* **Directions**
Among the entries that follow, locate the line with "This video is" and the line with "Moving on to". Output those lines and all lines in between, exactly, minus the pictures.

* **Data listing**
* * * * * * * * *

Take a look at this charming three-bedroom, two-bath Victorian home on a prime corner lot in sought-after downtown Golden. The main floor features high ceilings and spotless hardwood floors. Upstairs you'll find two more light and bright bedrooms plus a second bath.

* * * * * * * * *

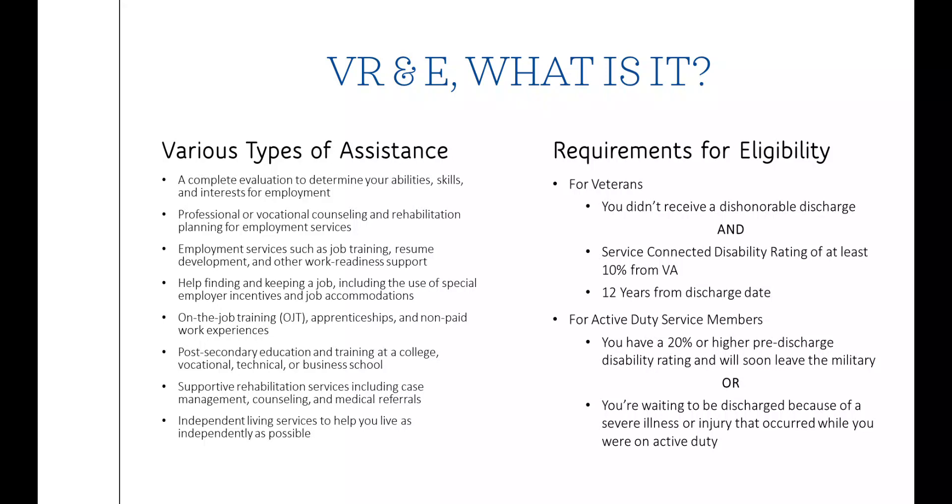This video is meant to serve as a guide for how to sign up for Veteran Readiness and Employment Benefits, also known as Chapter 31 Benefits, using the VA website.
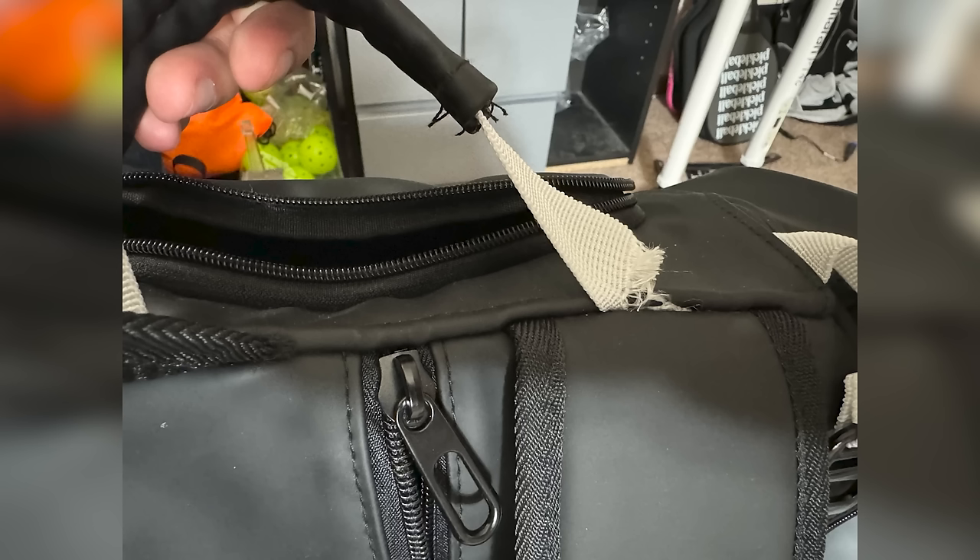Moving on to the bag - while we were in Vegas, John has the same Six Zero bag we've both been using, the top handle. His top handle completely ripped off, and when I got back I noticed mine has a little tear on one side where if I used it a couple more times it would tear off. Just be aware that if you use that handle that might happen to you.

* * * * * * * * *

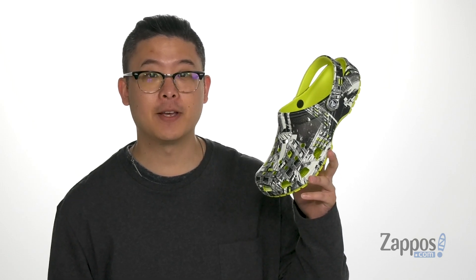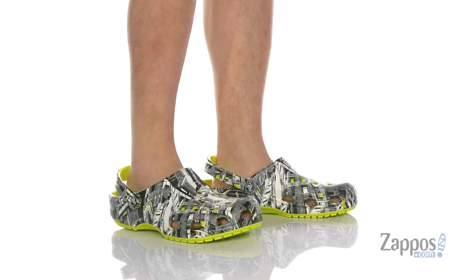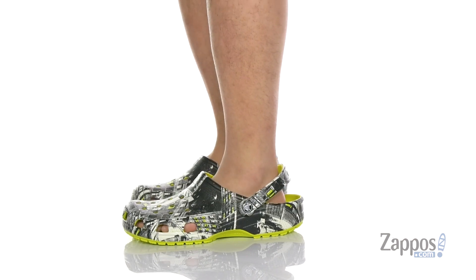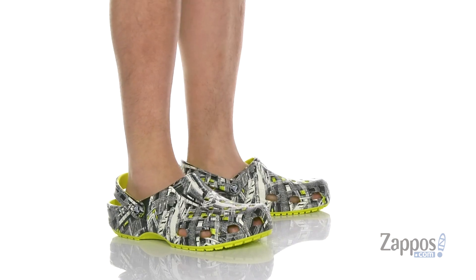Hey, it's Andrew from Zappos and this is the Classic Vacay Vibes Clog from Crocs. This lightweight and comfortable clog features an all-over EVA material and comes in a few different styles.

* * * * * * * * *

* **Exercise solution**
This video is meant to serve as a guide for how to sign up for Veteran Readiness and Employment Benefits, also known as Chapter 31 Benefits, using the VA website.
Moving on to the bag - while we were in Vegas, John has the same Six Zero bag we've both been using, the top handle. His top handle completely ripped off, and when I got back I noticed mine has a little tear on one side where if I used it a couple more times it would tear off. Just be aware that if you use that handle that might happen to you.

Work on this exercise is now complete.